Phase 7: Strategic Data Integration + Expansion

This document describes the Phase 7 corpus integration framework for ingesting and analyzing large-scale legal datasets including the United States Code (USC), Code of Federal Regulations (CFR), California codes, and other statutory corpora.

Overview

Phase 7 extends the Phase 6 ingestion pipeline with:

XML parsing for legal document formats
Cryptographic verification (SHA-256) for file integrity
Cross-jurisdiction auditing to detect references across federal/state boundaries
Provenance tracking for complete data lineage
Semantic search interface for querying across corpora

Supported Corpora

Corpus	Source	Format	Notes
United States Code	uscode.house.gov/download	XML/TXT	54 titles, updated regularly
Code of Federal Regulations	ecfr.gov bulk data	XML	50 titles
U.S. Constitution	public domain TXT	TXT	Baseline reference
California Constitution + Statutes	leginfo.legislature.ca.gov	HTML/XML	Requires normalization
Supreme Court Opinions	CourtListener API	JSON	For case law ingestion

Architecture

New Components

Ingestion Modules (`src/oraculus_di_auditor/ingestion/`)

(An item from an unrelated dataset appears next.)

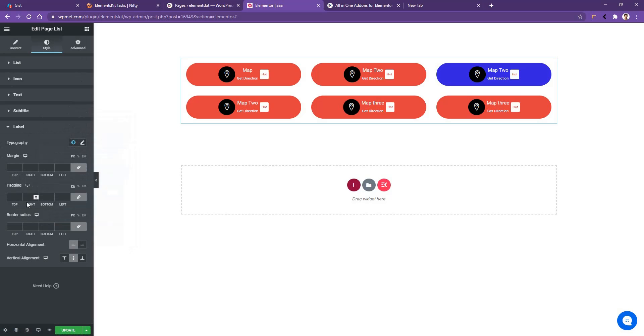If you go to label, there you have the options to work with the margin, padding, border radius and some other controls like horizontal alignment, vertical alignment. Now these controls are very easy to understand and easy to work with. We want you to explore all of them. Thank you for watching this video.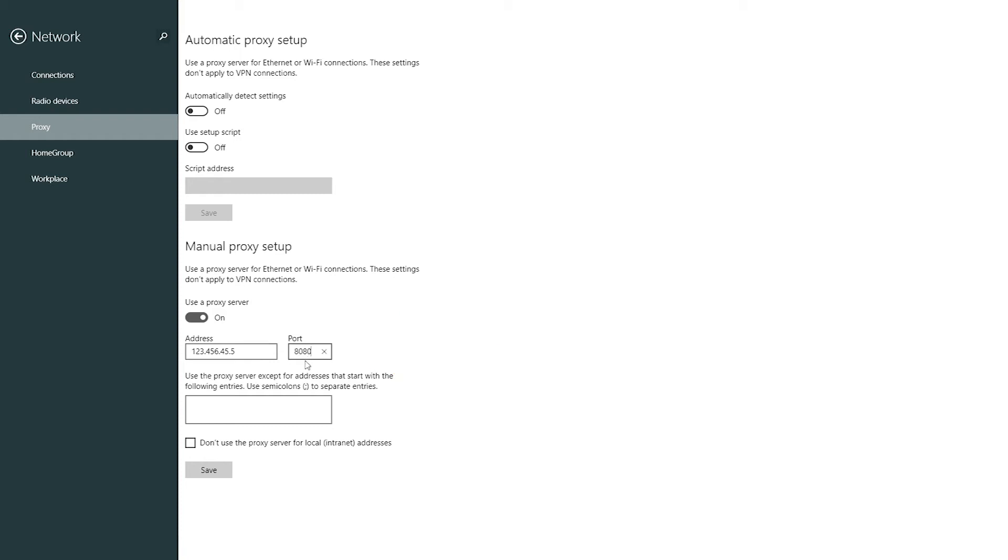If you have a public proxy then just click on save and that's it. Settings is over and you can use your free proxy.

xml_parser.py - Converts legal XML documents to normalized plain text
- Supports nested XML structures
- Extracts text while preserving document hierarchy
- Fallback to built-in XML parser if lxml unavailable
checksum.py - SHA-256 checksums and provenance tracking
- file_checksum() - Calculate SHA-256 hash for files
- record_provenance() - Log file metadata to JSONL format
- verify_integrity() - Verify files against recorded checksums

Analysis Modules (`src/oraculus_di_auditor/analysis/`)

cross_reference.py - Cross-jurisdiction reference detection
- Identifies citations across federal/state boundaries
- Detects jurisdiction mismatches
- Pattern matching for USC, CFR, CA codes, Public Laws, etc.

Interface Modules (`src/oraculus_di_auditor/interface/`)

Future home for API server and graph visualizer
Currently houses search CLI interface

Enhanced Scripts

`scripts/ingest_and_index.py`

Updated to support XML format ingestion:

# Standard ingestion (TXT, JSON, auto-detect)
python scripts/ingest_and_index.py --source data/sources --analyze

# XML corpus ingestion with provenance tracking
python scripts/ingest_and_index.py \
  --source /data/legal/uscode \
  --format xml \
  --jurisdiction federal \
  --analyze

# California statutes
python scripts/ingest_and_index.py \
  --source /data/legal/ca \
  --format xml \
  --jurisdiction california \
  --analyze

New features:

--format flag supports xml, txt, json, or auto (default)
--provenance specifies output path for provenance log (default: data/provenance.jsonl)
Automatic SHA-256 checksumming for XML files
Cross-jurisdiction audit during analysis phase

`scripts/verify_integrity.py` (NEW)

Verify file integrity using provenance checksums:

# Verify all files in provenance log
python scripts/verify_integrity.py --input data/provenance.jsonl

# Show detailed results
python scripts/verify_integrity.py --input data/provenance.jsonl --verbose

Output:

Summary: total records, verified, failed, missing files
Success rate percentage
Detailed hash comparison (with --verbose)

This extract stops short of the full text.